共计 2303 个字符,预计需要花费 6 分钟才能阅读完成。
94842 Programming R for Analytics Final Project
Section I (14 points)
Suppose the District of Columbia has data on recent traffic stops by some Metropolitan Police Department officers. The data are in two data sets, available as StopsData11 and StopsData21. Using these data, answer the following questions.
1.Which ward has the most stops?
2.Estimate a model predicting whether or not a traffic stop results in a ticket, using age and sex as predictors. From the estimated model, compared to a male driver of the same age who is stopped, how much more likely or less likely is a female driver to get a ticket?
Section II (20 points)
Suppose the DC government enacted a policy that allows people with low incomes (less than $30,000 per year) to have their ticket amount reduced 20 to 40 percent. The goal of the new policy is to reduce the number of overdue tickets among low-income residents.
In this section, you will use the same traffic stop data as in Section I (StopsData11 and StopsData21), as well as data on the court outcomes of tickets (CourtsData1) and data on residents’ income (IncomeData). Use the four data sets to answer the following questions.
3.Is there a large difference between the ticket amounts for people with incomes less than $30,000 and those with incomes greater than or equal to $30,000? (Tickets are given out in $0.50 increments).

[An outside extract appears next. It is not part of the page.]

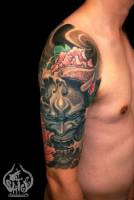 Tatuaje de un demonio japonés furioso, en el brazo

Explain your answer in a paragraph.
4.You have been asked to determine whether the new policy has a detectable impact on residents’ likelihood of paying on time. Explain what approach you took for your analysis. What key (1-3) assumptions did you make?
5.In a paragraph, explain to your colleague, a data scientist, whether or not the new policy had a detectable impact on residents’ likelihood of having an overdue ticket. Assume that your colleague is generally familiar with the policy and the data.
6.The Chair of the Council’s Committee on the Judiciary and Public Safety, Councilmember Allen, asks you whether the data show that the policy is working and for a recommendation on whether the policy should be expanded to include residents with incomes less than $60,000. In a paragraph or two, provide your answer. Provide some indication of how confident you are in your response.
Section III (6 points)
A researcher presents a study of security cameras in the city. The researcher ran 40 separate experiments, one in each of 40 Police Service Areas (PSAs). Two of the PSAs showed significant declines in crime (p = 0.05), while the others showed no statistically significant effects.
7.Assess the evidence that the cameras reduced crime in those two PSAs with significant declines.
Weak evidence
Moderate evidence
Strong evidence
8.Explain your answer to the above question in a paragraph.